Stored data:
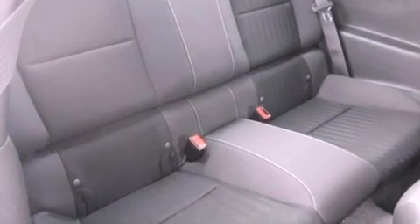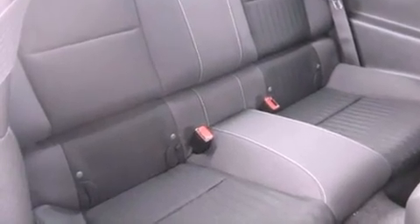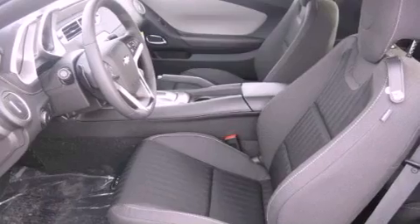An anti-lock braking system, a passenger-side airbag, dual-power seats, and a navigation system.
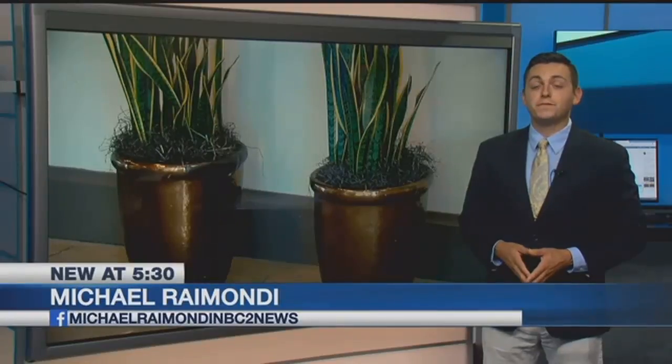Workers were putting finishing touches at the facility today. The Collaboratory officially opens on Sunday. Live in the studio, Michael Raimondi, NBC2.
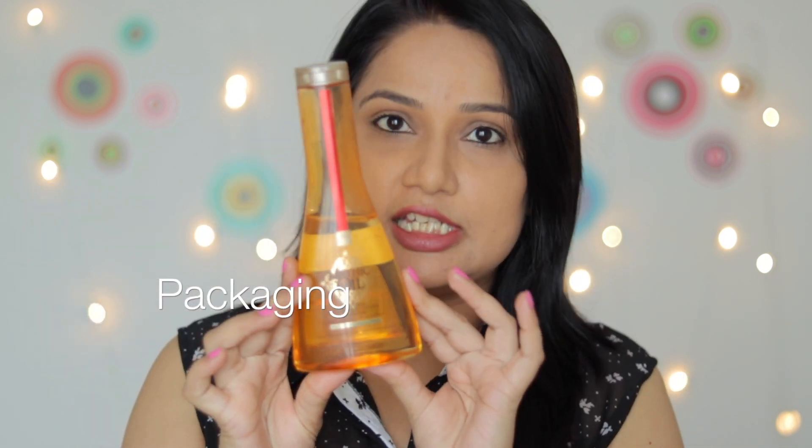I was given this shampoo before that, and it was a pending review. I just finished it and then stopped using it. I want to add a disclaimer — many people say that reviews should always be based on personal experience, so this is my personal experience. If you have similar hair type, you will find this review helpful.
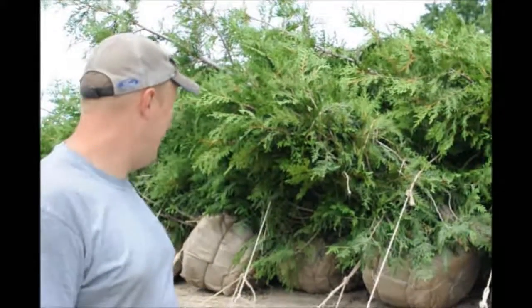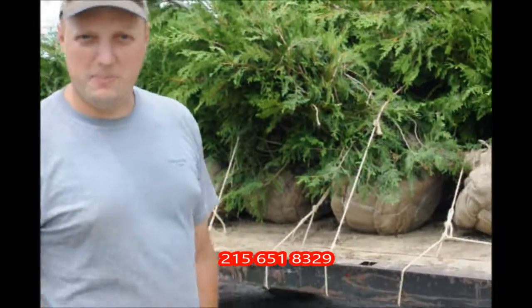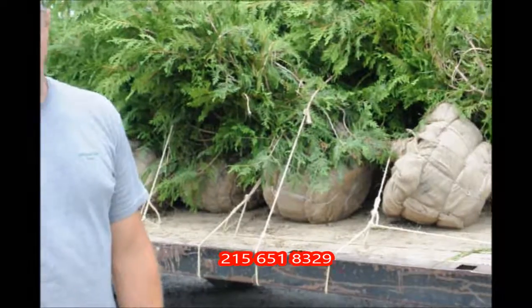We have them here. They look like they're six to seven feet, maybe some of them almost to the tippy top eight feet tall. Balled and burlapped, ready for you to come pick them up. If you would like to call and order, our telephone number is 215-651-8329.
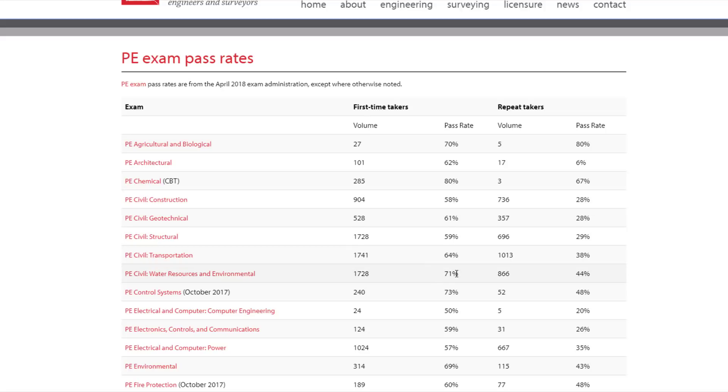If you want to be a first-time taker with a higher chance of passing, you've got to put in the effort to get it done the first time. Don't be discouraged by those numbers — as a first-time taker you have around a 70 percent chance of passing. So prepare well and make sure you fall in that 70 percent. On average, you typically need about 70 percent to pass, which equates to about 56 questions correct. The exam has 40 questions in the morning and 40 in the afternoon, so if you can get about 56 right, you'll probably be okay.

_Problem details_
Each line from the start of the entries through the line with "We have them" is to be restated exactly, and the pictures are to be skipped.

_Task result_
An anti-lock braking system, a passenger-side airbag, dual-power seats, and a navigation system.
Workers were putting finishing touches at the facility today. The Collaboratory officially opens on Sunday. Live in the studio, Michael Raimondi, NBC2.
I was given this shampoo before that, and it was a pending review. I just finished it and then stopped using it. I want to add a disclaimer — many people say that reviews should always be based on personal experience, so this is my personal experience. If you have similar hair type, you will find this review helpful.
We have them here. They look like they're six to seven feet, maybe some of them almost to the tippy top eight feet tall. Balled and burlapped, ready for you to come pick them up. If you would like to call and order, our telephone number is 215-651-8329.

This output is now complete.